Molti di noi conoscono Carola Carulli come voce del TG2, dove i suoi servizi culturali sono attesi con interesse da chi è appassionato di musica e letteratura. Io che la seguivo da tempo sui social e avevo notato la sua capacità nel rendere per iscritto emozioni, pensieri fluidi e capacità d’introspezione, mi chiedevo come mai non si decidesse a pubblicare un libro, lei che sulle narrazioni aveva costruito una fulgida carriera. Ora il libro è arrivato, grazie anche al fiuto di Salani, e si intitola “Tutto il bene, tutto il male”.

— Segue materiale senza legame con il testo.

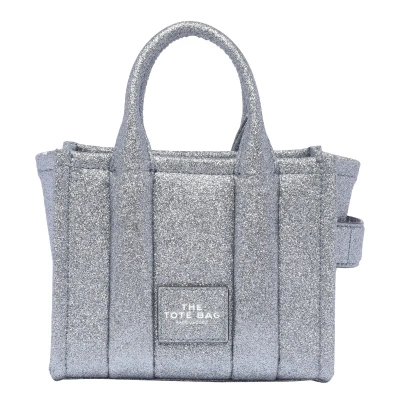 Marc Jacobs The Mini Tote Glitter Leather Bag In Silver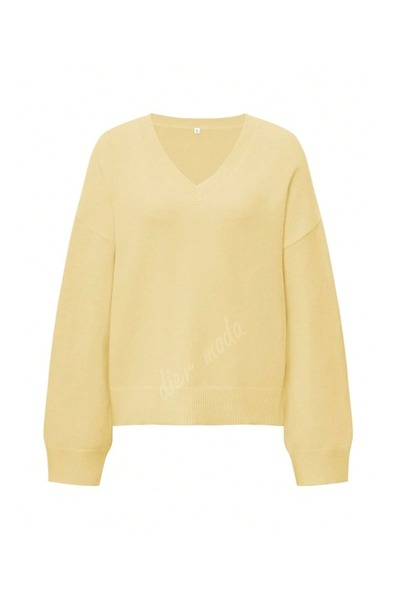 TUMA Women's Butter Yellow V-Neck Oversize Knitwear Sweater, Knitwear Sweater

Si tratta di una storia di donne e lacerazioni – ma anche ricomposizioni – che racconta famiglie mancate e famiglie acquisite, padri che non sanno svolgere in equilibrio il loro ruolo e la scelta come risposta possibile.

«Siamo figli di chiunque sia in grado di prendersi cura di noi» dice Levante nello strillo in fascetta e questo romanzo lo dimostra. Voce narrante è Sveva, che elegge l’adorata zia Alma a sostituta materna, tessendo con lei un rapporto fondante che, con gli anni diventerà sempre più indissolubile. Del resto le due sorelle, Alma e Sarah, non hanno avuto una famiglia esemplare e forse è questo il motivo per cui la madre di Sveva non riesce proprio a mostrare un atteggiamento accudente.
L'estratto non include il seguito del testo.